Features in Canadian Architect


“a unique insight into the disruptive position that digital fabrication technologies may have within their own design work”


Wood is a fascinating material. From an early age, we become familiar with its smell, texture and warmth, yet we are seldom challenged to re-invent how to work with it.

Since 2016, the three of us have led a team of researchers, students and professionals in creating full-scale pavilions at the University of British Columbia that explore new ways to design, fabricate and assemble wood. Wood is a natural partner for digital fabrication technologies because of its ability to be easily milled and shaped. These experimental structures demonstrate the capabilities of digital technologies to be used with wood in innovative ways that celebrate the material’s unique properties and potential for formal complexity.

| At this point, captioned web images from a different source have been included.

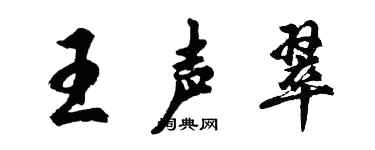 胡問遂王聲翠行書個性簽名怎么寫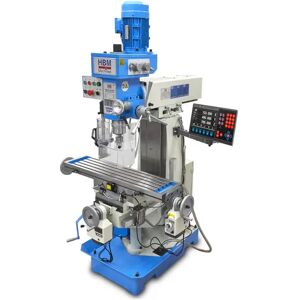 HBM BF 60 Profi-Fräsmaschine mit 3-Achsen-LCD-Digital-Lesesystem Image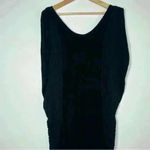 Ioanna Kourbela Black Sleeveless Ribbed Dress Large XL Size undefined Photo 3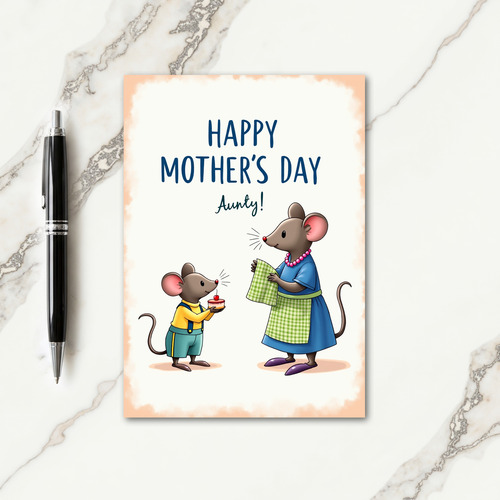 Sweet Mothers Day Mouse Card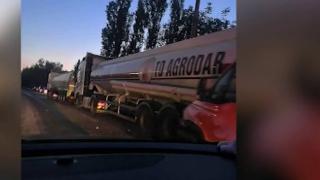 Огромна двойна катастрофа на "Дунав мост", движението е затворено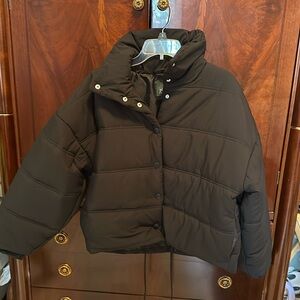 Women winter cropped jacket wild fable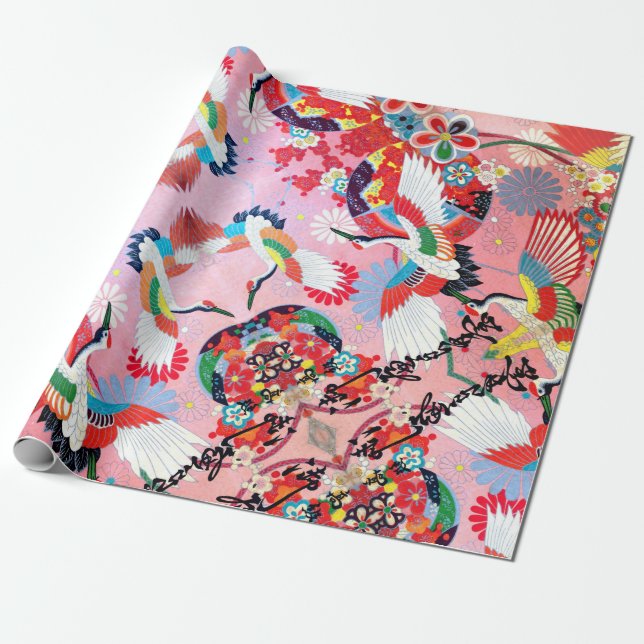 Mah Jongg Egrets Presentpapper (Utrullad)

Wander Wood, the third of these pavilions, completed last fall, is sheathed with rows of overlapping wood tabs, which change in shape to create a rounded form that rises to a peak. The pavilion implements the structural principle of a stressed skin, a system used in airplanes, where internal ribs form a template covered by thinner members elastically bent to form (or compute) the final shape. A public bench along the inner edge of the curved pavilion invites passersby to come inside for a closer look.

The individual pieces of the Wander Wood pavilion were milled using a state-of-the-art industrial robot, interlocked into place, and fastened together with metal rivets. Each individual component is embedded with enough assembly information to ensure exact placement of every subsequent piece, allowing for quick assembly on site. The geometric processing power of visual scripting was key in the design in order to define and manage 40 ribs, over 200 overlapping skin elements and 2,200 rivet perforations. The first step was to craft a robust workflow that enabled design iteration while ensuring the rapid output of precise geometry for fabrication. The result achieves the design vision while accounting for the material’s maximum bending radius and load transfer capacity, and the fabrication envelope of the CNC robot.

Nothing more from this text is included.